Давно этот злосчастный город не видал такого зрелища! Она шла, одетая сетью голубых искрящихся разрядов, сметая все на своем пути. Несколько раз кто-то пытался заступить ей дорогу, но Совейз, прекрасная и устрашающая, просто шла вперед, а смельчаки просто разлетались, обожженные, в разные стороны.
Она сжигала траурные полотнища и опрокидывала стеллы, изукрашенные лживыми надписями. Небо над городом по-прежнему оставалось темным, запах тления не исчез, и мученические вопли и крики стервятников по-прежнему слышались отовсюду, ибо оргия полночи набирала силу. Но не меньшую силу набирало голубое пламя Совейз, отражаясь белым сполохом в темной чаше неба и в широко распахнутых глазах обитателей Шадма, города живых мертвецов. Эти глаза смотрели на Совейз отовсюду: из темных окон, из провалов дверей, из-за углов и колонн. И тотчас прятались, едва встречали ее полыхающий взгляд.

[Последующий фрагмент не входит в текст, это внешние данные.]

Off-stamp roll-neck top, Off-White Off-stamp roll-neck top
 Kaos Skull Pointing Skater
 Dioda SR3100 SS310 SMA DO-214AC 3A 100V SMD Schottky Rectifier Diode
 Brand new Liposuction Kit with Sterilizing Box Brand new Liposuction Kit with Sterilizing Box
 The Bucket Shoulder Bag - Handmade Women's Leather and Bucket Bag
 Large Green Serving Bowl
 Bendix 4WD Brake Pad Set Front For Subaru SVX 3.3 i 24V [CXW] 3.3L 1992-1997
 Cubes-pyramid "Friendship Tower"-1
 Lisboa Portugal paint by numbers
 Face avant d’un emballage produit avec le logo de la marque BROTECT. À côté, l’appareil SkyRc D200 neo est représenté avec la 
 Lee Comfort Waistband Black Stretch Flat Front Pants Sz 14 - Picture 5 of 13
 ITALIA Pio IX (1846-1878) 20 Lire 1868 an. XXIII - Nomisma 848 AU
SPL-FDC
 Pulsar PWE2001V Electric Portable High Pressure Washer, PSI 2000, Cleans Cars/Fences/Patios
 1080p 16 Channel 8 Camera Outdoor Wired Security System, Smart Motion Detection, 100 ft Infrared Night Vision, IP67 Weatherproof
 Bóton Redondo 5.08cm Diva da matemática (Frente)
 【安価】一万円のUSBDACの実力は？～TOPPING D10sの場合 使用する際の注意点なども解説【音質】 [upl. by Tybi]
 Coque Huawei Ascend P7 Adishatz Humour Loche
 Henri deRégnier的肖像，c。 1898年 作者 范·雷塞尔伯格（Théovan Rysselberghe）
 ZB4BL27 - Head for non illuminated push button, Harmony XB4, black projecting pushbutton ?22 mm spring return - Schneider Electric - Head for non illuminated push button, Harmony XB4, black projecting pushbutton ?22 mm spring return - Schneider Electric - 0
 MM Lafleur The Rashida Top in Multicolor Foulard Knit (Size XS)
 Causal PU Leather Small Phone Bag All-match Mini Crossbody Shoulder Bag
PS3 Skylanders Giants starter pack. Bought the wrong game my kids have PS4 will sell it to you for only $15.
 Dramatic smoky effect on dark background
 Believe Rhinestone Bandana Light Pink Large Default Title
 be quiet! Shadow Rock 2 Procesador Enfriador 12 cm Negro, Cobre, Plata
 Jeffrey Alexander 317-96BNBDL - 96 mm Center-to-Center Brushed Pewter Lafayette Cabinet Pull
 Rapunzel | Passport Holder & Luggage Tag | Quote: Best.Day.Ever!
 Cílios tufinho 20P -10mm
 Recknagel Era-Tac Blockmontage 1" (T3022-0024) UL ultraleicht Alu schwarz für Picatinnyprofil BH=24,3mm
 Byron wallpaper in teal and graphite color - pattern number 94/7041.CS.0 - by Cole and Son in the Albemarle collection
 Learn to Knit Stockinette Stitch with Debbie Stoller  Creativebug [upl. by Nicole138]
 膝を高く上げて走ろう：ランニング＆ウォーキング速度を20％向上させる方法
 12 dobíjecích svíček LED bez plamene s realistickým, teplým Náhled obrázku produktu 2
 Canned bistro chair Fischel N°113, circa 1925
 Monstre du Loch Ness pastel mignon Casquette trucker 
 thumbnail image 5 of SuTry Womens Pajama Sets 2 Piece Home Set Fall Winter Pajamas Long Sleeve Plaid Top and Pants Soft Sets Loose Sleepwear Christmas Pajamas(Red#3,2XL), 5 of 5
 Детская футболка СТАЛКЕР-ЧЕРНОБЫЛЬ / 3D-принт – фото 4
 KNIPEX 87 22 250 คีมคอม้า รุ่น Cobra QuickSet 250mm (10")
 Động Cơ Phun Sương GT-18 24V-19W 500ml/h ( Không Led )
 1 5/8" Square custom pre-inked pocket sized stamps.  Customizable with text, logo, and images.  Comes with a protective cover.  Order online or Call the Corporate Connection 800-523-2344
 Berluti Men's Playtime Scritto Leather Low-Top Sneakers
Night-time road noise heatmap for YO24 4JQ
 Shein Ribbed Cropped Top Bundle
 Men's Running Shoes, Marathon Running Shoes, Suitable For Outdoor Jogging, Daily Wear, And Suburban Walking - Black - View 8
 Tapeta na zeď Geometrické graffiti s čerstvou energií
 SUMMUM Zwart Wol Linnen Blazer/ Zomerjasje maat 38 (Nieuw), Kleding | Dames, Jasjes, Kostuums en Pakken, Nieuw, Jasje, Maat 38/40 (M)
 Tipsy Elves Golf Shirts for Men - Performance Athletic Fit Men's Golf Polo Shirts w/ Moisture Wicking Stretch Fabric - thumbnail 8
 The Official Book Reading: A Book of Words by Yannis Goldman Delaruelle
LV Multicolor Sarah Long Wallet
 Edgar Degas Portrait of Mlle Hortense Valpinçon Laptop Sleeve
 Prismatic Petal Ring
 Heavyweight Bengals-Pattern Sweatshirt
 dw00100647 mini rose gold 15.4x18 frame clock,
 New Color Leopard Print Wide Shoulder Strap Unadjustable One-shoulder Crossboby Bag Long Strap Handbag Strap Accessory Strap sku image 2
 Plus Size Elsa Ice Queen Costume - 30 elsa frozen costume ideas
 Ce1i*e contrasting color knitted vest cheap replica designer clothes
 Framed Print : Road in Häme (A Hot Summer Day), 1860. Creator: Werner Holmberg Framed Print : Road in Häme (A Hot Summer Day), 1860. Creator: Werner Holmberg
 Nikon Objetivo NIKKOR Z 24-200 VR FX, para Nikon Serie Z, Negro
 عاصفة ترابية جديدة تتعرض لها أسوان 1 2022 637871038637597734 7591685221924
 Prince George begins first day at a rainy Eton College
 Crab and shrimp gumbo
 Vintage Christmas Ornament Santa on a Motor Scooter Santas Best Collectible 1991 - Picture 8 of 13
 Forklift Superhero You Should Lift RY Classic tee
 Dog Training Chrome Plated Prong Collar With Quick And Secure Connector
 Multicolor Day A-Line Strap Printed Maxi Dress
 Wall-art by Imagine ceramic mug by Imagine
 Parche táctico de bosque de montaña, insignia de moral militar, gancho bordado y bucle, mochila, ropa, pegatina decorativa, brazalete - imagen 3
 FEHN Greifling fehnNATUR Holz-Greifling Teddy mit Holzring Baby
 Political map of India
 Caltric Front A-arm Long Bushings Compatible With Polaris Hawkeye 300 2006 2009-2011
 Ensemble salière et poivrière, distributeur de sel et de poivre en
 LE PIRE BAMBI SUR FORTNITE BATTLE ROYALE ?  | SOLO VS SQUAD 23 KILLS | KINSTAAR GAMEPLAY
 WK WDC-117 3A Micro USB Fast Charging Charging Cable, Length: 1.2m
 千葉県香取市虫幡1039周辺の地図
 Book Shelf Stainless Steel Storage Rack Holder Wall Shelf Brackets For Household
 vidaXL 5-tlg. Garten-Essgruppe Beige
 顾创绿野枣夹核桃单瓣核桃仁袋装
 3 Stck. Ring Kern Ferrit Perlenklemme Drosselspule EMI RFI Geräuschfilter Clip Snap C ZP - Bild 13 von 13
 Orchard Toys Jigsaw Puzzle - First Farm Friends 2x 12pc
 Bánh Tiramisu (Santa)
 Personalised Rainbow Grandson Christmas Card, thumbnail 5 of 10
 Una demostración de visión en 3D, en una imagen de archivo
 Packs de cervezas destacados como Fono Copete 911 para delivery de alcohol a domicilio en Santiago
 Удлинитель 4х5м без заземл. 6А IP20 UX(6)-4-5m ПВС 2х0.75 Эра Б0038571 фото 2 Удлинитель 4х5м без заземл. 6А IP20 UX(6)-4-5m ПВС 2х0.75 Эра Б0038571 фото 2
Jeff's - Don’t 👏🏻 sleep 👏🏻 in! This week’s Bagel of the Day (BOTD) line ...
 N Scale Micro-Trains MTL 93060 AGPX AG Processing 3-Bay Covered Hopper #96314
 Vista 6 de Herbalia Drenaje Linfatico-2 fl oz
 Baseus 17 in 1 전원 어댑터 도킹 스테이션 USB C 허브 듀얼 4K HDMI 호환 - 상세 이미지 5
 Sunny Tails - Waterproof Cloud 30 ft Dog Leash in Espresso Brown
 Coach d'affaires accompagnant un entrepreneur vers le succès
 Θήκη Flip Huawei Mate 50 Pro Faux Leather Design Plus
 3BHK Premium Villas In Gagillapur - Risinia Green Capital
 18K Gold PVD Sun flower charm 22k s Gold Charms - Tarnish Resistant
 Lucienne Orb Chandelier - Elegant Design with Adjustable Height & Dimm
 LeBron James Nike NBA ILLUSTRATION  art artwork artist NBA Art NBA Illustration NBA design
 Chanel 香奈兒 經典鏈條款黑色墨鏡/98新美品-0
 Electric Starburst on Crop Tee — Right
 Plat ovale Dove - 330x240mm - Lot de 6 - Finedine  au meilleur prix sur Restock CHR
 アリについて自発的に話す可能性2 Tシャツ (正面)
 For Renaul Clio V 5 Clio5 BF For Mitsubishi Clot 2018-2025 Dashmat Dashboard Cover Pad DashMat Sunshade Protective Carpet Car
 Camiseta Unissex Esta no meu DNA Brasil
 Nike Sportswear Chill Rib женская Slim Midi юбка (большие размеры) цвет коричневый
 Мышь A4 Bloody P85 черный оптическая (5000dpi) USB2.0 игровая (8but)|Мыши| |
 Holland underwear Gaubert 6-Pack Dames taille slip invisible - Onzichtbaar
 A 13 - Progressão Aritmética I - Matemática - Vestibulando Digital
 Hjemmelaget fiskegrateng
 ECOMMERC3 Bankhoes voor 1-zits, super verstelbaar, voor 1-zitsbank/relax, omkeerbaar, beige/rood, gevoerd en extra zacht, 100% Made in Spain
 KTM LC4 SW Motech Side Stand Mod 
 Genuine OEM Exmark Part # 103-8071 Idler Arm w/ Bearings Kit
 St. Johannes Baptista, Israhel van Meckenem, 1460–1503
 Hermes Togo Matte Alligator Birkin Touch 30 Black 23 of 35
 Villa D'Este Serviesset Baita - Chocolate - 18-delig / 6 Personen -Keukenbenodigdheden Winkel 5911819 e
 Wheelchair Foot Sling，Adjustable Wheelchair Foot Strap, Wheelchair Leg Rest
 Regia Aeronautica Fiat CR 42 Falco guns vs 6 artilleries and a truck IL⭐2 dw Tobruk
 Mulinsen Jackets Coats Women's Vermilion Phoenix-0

И когда она подошла к тем самым воротам, в которые люди Жадреда внесли ее на закате, в сердце города возник нарастающий грохот колес по каменной брусчатке и звон множества лошадиных подков.
Совейз остановилась в проеме меж двух башен, прямо перед высокими воротами, и принялась ждать.
Вскоре на главной городской улице показались колесницы. Их влекли лошади, чьи ребра выпирали из-под натянутой на них шкуры, чьи пустые глазницы исторгали пламя, чье дыхание было холодным, как лед. Колесницами правили призраки, подобные мерцающим облакам. И лишь когда они подъехали ближе, Совейз разглядела, что это брат и сестра, Властители Умертвий. Осадив лошадей, они вытянули на Совейз указующие персты. Позади них неровной темной бахромой колыхалось воинство их присных.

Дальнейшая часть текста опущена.